# How to complete this task
Nothing in the data should be left out, so repeat it all exactly.

(Entries shown)

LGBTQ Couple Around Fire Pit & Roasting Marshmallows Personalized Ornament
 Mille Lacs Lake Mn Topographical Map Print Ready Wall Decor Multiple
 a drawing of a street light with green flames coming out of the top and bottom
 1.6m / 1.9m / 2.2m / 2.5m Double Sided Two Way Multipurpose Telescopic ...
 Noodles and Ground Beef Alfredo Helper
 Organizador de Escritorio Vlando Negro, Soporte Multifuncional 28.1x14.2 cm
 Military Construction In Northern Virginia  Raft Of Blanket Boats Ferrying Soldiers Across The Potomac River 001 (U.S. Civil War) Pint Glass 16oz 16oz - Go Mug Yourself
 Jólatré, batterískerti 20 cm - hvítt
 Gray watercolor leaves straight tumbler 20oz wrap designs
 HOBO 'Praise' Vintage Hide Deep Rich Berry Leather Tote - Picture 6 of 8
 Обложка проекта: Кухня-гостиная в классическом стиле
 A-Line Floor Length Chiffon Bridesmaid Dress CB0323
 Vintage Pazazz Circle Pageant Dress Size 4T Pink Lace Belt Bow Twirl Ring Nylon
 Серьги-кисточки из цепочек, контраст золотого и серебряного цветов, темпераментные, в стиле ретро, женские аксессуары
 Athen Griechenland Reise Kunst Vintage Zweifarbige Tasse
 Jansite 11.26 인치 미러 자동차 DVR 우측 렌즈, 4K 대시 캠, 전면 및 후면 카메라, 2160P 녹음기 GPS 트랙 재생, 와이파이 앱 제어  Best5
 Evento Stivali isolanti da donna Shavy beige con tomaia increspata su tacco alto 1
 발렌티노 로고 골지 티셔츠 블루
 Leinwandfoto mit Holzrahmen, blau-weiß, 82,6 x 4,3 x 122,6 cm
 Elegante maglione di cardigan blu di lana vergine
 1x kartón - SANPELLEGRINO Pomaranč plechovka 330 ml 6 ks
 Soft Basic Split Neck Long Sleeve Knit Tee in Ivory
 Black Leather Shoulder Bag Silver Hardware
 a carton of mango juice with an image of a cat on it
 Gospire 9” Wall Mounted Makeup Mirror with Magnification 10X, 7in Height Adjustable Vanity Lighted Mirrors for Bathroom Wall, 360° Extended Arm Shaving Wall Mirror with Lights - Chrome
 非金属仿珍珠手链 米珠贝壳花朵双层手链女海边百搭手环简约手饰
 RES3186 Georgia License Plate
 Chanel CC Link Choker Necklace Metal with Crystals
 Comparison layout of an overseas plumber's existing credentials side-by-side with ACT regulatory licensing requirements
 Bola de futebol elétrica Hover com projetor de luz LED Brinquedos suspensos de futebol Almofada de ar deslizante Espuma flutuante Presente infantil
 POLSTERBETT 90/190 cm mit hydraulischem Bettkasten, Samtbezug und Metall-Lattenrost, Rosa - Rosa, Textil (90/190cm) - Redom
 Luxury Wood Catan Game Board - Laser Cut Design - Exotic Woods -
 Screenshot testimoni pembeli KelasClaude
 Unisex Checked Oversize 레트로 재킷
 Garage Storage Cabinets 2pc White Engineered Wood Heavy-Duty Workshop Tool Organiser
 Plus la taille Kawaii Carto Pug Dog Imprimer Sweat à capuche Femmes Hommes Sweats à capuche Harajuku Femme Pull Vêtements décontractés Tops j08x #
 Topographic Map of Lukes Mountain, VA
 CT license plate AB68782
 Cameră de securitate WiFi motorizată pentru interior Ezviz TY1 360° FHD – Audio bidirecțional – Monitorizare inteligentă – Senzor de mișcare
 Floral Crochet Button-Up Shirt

(End Entries shown)

# Result below
LGBTQ Couple Around Fire Pit & Roasting Marshmallows Personalized Ornament
 Mille Lacs Lake Mn Topographical Map Print Ready Wall Decor Multiple
 a drawing of a street light with green flames coming out of the top and bottom
 1.6m / 1.9m / 2.2m / 2.5m Double Sided Two Way Multipurpose Telescopic ...
 Noodles and Ground Beef Alfredo Helper
 Organizador de Escritorio Vlando Negro, Soporte Multifuncional 28.1x14.2 cm
 Military Construction In Northern Virginia  Raft Of Blanket Boats Ferrying Soldiers Across The Potomac River 001 (U.S. Civil War) Pint Glass 16oz 16oz - Go Mug Yourself
 Jólatré, batterískerti 20 cm - hvítt
 Gray watercolor leaves straight tumbler 20oz wrap designs
 HOBO 'Praise' Vintage Hide Deep Rich Berry Leather Tote - Picture 6 of 8
 Обложка проекта: Кухня-гостиная в классическом стиле
 A-Line Floor Length Chiffon Bridesmaid Dress CB0323
 Vintage Pazazz Circle Pageant Dress Size 4T Pink Lace Belt Bow Twirl Ring Nylon
 Серьги-кисточки из цепочек, контраст золотого и серебряного цветов, темпераментные, в стиле ретро, женские аксессуары
 Athen Griechenland Reise Kunst Vintage Zweifarbige Tasse
 Jansite 11.26 인치 미러 자동차 DVR 우측 렌즈, 4K 대시 캠, 전면 및 후면 카메라, 2160P 녹음기 GPS 트랙 재생, 와이파이 앱 제어  Best5
 Evento Stivali isolanti da donna Shavy beige con tomaia increspata su tacco alto 1
 발렌티노 로고 골지 티셔츠 블루
 Leinwandfoto mit Holzrahmen, blau-weiß, 82,6 x 4,3 x 122,6 cm
 Elegante maglione di cardigan blu di lana vergine
 1x kartón - SANPELLEGRINO Pomaranč plechovka 330 ml 6 ks
 Soft Basic Split Neck Long Sleeve Knit Tee in Ivory
 Black Leather Shoulder Bag Silver Hardware
 a carton of mango juice with an image of a cat on it
 Gospire 9” Wall Mounted Makeup Mirror with Magnification 10X, 7in Height Adjustable Vanity Lighted Mirrors for Bathroom Wall, 360° Extended Arm Shaving Wall Mirror with Lights - Chrome
 非金属仿珍珠手链 米珠贝壳花朵双层手链女海边百搭手环简约手饰
 RES3186 Georgia License Plate
 Chanel CC Link Choker Necklace Metal with Crystals
 Comparison layout of an overseas plumber's existing credentials side-by-side with ACT regulatory licensing requirements
 Bola de futebol elétrica Hover com projetor de luz LED Brinquedos suspensos de futebol Almofada de ar deslizante Espuma flutuante Presente infantil
 POLSTERBETT 90/190 cm mit hydraulischem Bettkasten, Samtbezug und Metall-Lattenrost, Rosa - Rosa, Textil (90/190cm) - Redom
 Luxury Wood Catan Game Board - Laser Cut Design - Exotic Woods -
 Screenshot testimoni pembeli KelasClaude
 Unisex Checked Oversize 레트로 재킷
 Garage Storage Cabinets 2pc White Engineered Wood Heavy-Duty Workshop Tool Organiser
 Plus la taille Kawaii Carto Pug Dog Imprimer Sweat à capuche Femmes Hommes Sweats à capuche Harajuku Femme Pull Vêtements décontractés Tops j08x #
 Topographic Map of Lukes Mountain, VA
 CT license plate AB68782
 Cameră de securitate WiFi motorizată pentru interior Ezviz TY1 360° FHD – Audio bidirecțional – Monitorizare inteligentă – Senzor de mișcare
 Floral Crochet Button-Up Shirt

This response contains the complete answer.